In most (all?) load center boxes, the legs alternate as you go down each bank of breakers
Sort of like:
Leg1 .... Leg1
Leg2 .... Leg2
Leg1 .... Leg1
Leg2 .... Leg2
Etc.
NOTE: Corrected per IBEW's message #8
Edited 6/6/2004 8:39 am ET by Bob Walker
Bob,
Aren't you misleading him? Yes,as you go down the panel the breakers are on alternate legs,but breakers across from each other are on the same buss.
1-2
3-4
5-6
7-8
1 and 2 are black,3 and 4 red,5 and 6 black, 7 and 8 red.
Barry
Thanks for the correction; I don't know what I was thinking of when I posted that.
I've corrected the original message, as noted.
I see that while I was typing my response, others were posted. Make very sure you you know what you've got before switching anything around. Look at the hot bus bars before you change anything and see how they connect to the breakers. You can also check with a meter or a Wiggy connected from the screw on one breaker to the screw of the other. If the voltage is zero the breakers are on the same phase (and are unsafely connected). If the voltage is 240, they are on opposite phases and are connected correctly.

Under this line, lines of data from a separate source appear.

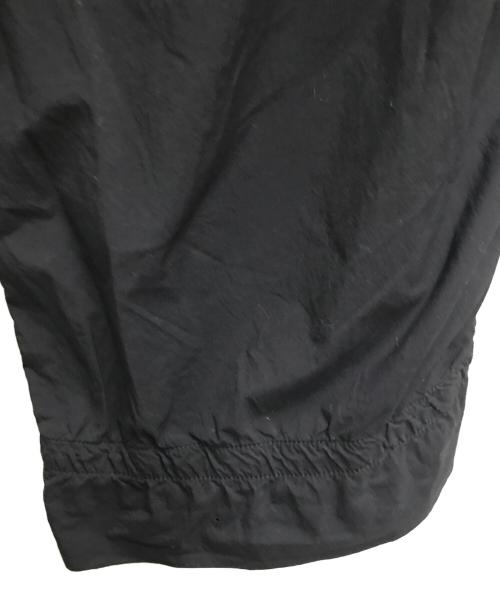 kolor/BEACON（カラービーコン）kolor/BEACON (カラービーコン) ナイロンパンツ ブラック サイズ:1の古着・服飾アイテム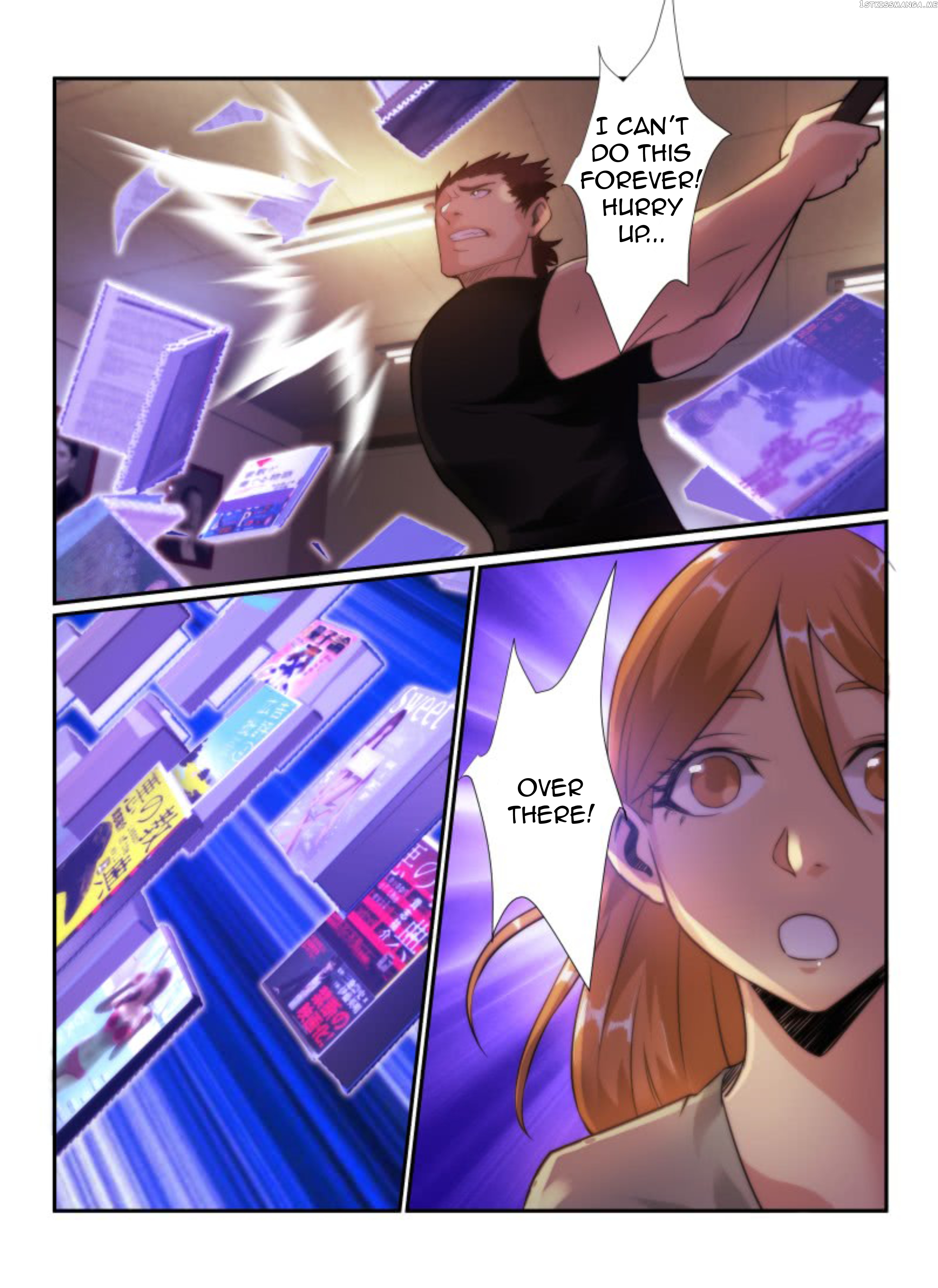 Death Field chapter 72 - page 13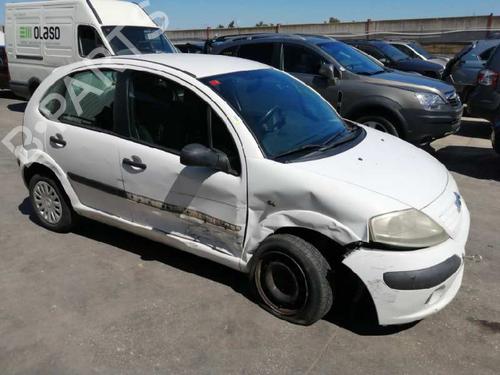 ECU airbags CITROËN C3 I (FC_, FN_) 1.4 HDi | BP7570572M53 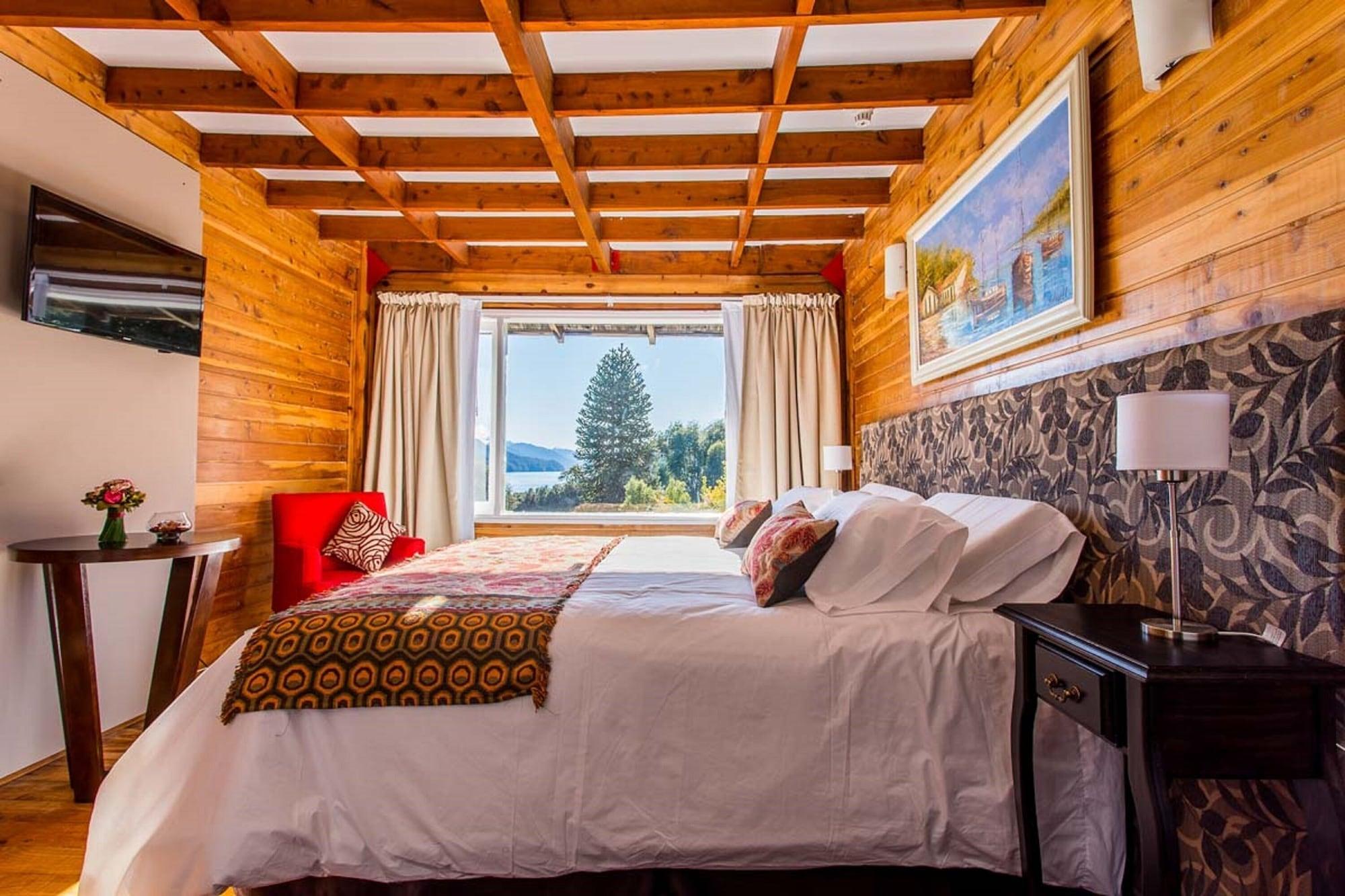 Faraway Hotel Villa La Angostura Eksteriør billede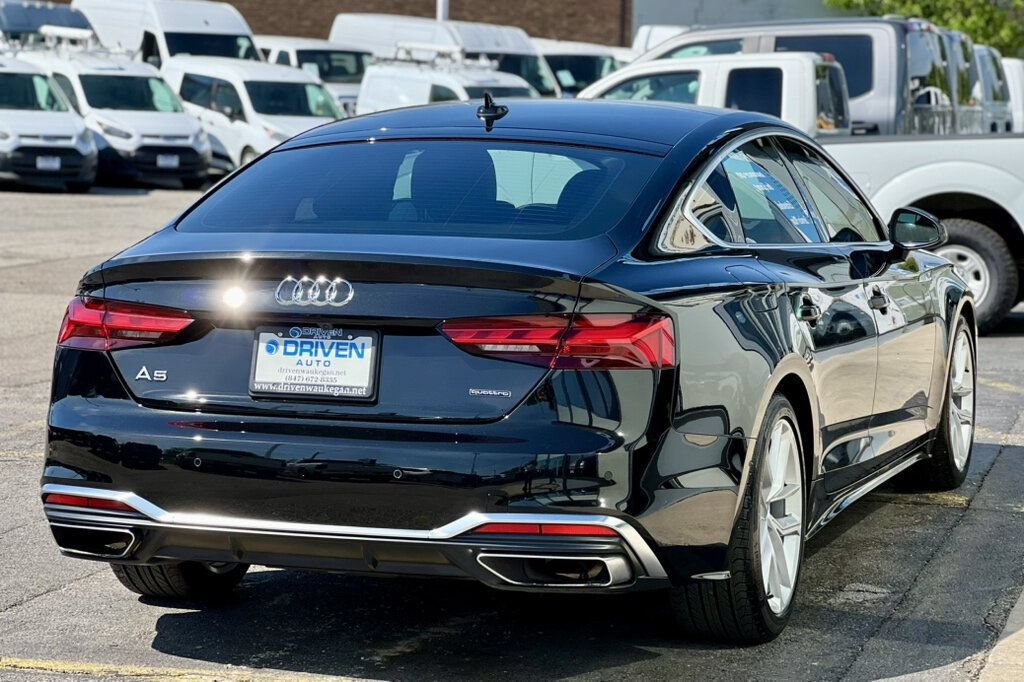 Used 2024 Audi A5 2.0T Premium w/ Convenience Package AWD/4WD image 35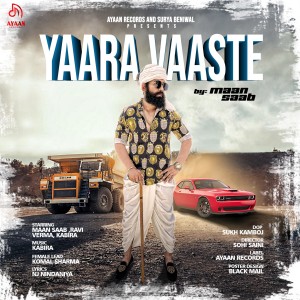 Dengarkan Yaara Vaaste lagu dari Maan Saab dengan lirik
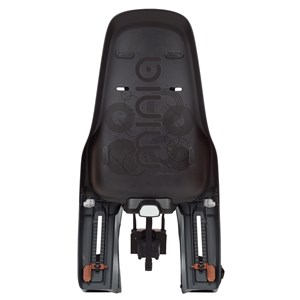 Fotelik rowerowy MINIA 1P na ramę FF Black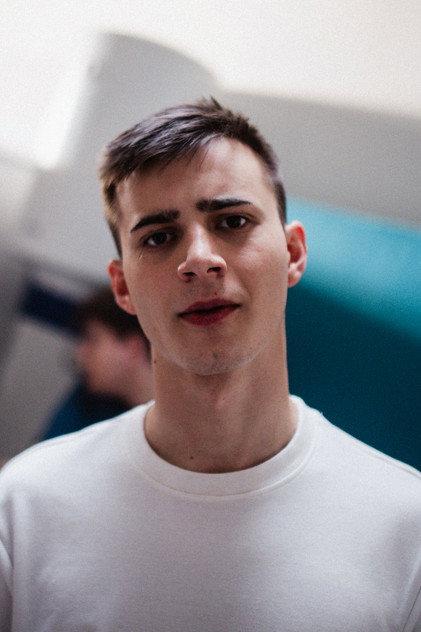 Luka Baškarad - Actor Profile Photo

Thanks, everyone, for the clarification on why this should work, providing the CBs are on seperate legs. I have a much better understanding now.
Will verify that each CB is on a seperate leg the first thing tomorrow morning. Too late to do this tonight.
Well, everything is kosher. each CB is on a different leg. Thanks everyone for the explanations, advice and reasoning beind it.
Edited 6/7/2004 4:16 pm ET by Mike
Perhaps you mean the two circuits are sharing a common neutral? If the circuits are wired correctly, the red is attached to one breaker and is the hot for one circuit, the black is attached to the other breaker and is the hot for the other circuit. The white is the neutral, is attached to the neutral bus bar in the breaker panel and serves both circuits, and the bare wire is the ground, is connected to the ground bus in the panel, and also serves both circuits. This arrangement is common, and is safe so long as the two breakers are on opposite phases.
In your panel, you should have two hots and one neutral coming from the utility. One hot feeds one hot bus in the panel, connecting to half of the breakers, and the other hot feeds the other hot bus, feeding the other breakers. Generally panels are arranged so that the busses alternate, so that any two breakers installed adjacent to one another (that is, one immediately above the other if the breakers are stacked vertically) are on opposite phases. So, any two breakers that are adjacent can be wired in the manner I think you meant.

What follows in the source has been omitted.